DETAILED DESCRIPTION OF ILLUSTRATIVE EMBODIMENTS

[0022] Data storage cards 100 include a magnetic strip 102 carried on a non-conductive card 104, typically formed of a plastic or composite material. The magnetic strip 102 is encoded with information or data, such as commercial account information or personnel data which can be accessed by a card reader, such as an automatic teller machine for commercial or banking transactions. Applications of data storage cards 100 include by way of example ATM cards or credit cards which include magnetic strips 104 carried by a form factor dimensioned card 104. As previously described, the magnetic strip 102 of the data storage card 100 is subjectable to wear and damage. The present invention generally relates to a textured surface structure or interface to reduce wear and damage to the magnetic strip.

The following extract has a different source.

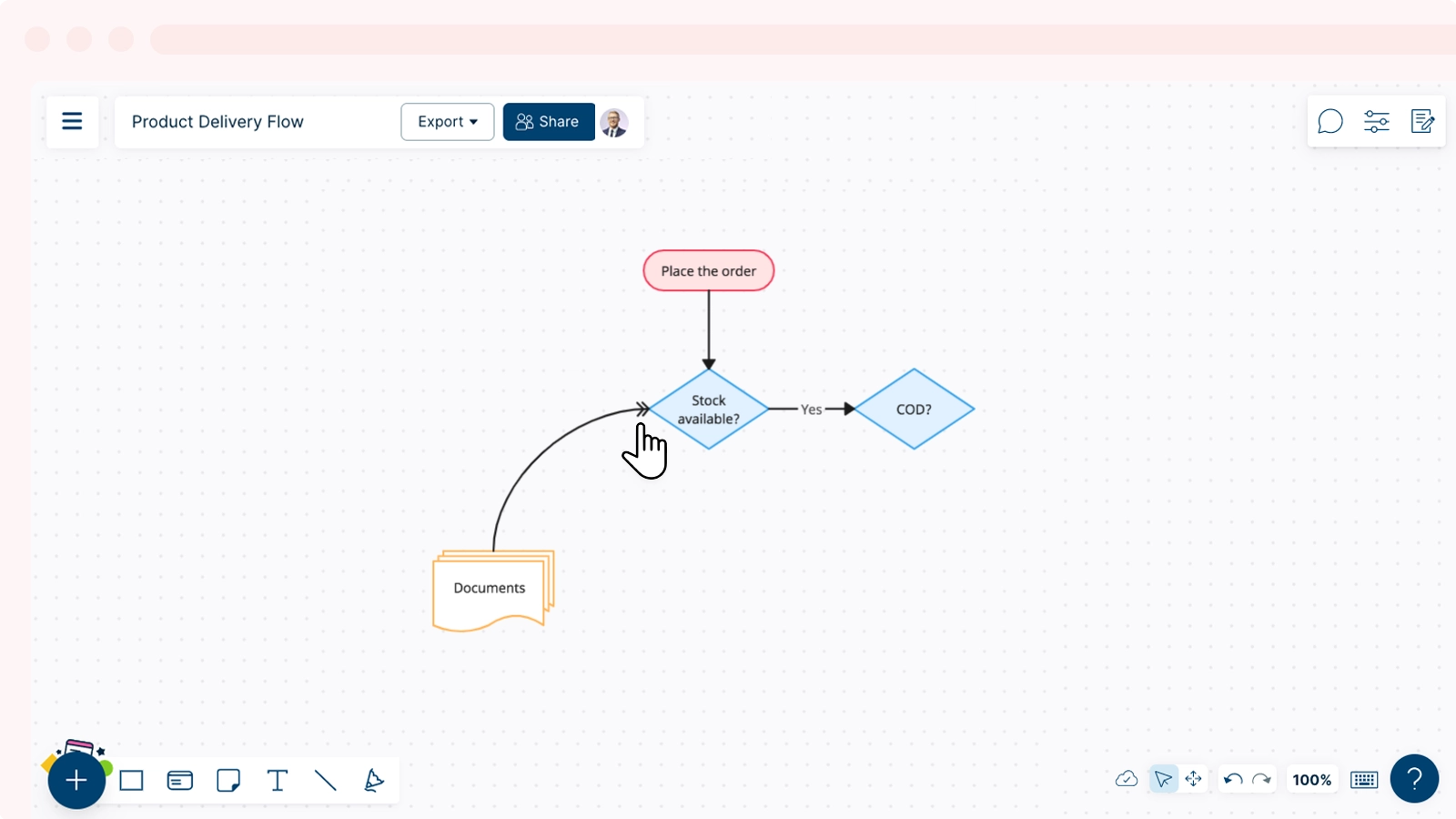 Adding Arrowheads to Line Connectors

[0023] FIGS. 2-3 illustrate embodiments of a magnetic strip 102-1, 102-2 having an exposed textured surface 106-1, 106-2. As shown in one embodiment illustrated in FIG. 2, the textured surface 106-1 is fabricated on a textured substrate 108-1 and a magnetic layer or film 110-1 is deposited over the textured substrate 108-1 to form a textured magnetic layer 110-1. In the embodiment illustrated in FIG. 2, a protective layer 112-1 is deposited over the textured magnetic layer 110-1 to form the textured surface 106-1 of the magnetic strip 102-1. In another embodiment illustrated in FIG. 3, a magnetic film layer 110-2 is deposited on a non-textured substrate 108-2 and a protective layer 112-2 is deposited over the magnetic layer 110-2. As shown, the protective layer 112-2 is textured to form the textured surface 106-2 as described.

[0024] The textured surfaces 106-1, 106-2 shown in FIGS. 2-3 includes a plurality of spaced micro-sized bumps 114 extending above a mean surface plane 116 to form a micro-textured pattern over a surface 118 of the magnetic strip as shown in FIG. 4. The pattern of bumps 114 can have a uniform, regular or random size, distribution or spacing. Further bumps are not limited to any particular shape or configuration, for example, bump can be circular, square, elliptical or ring-shaped. The bumps 114 extend above the mean surface plane 116 to reduce contact area of the magnetic strip 102. The height of the bumps 118 is in the range of nanometers and the bumps 114 are spaced and shaped to provide optimum friction and wear levels for normal operating loads.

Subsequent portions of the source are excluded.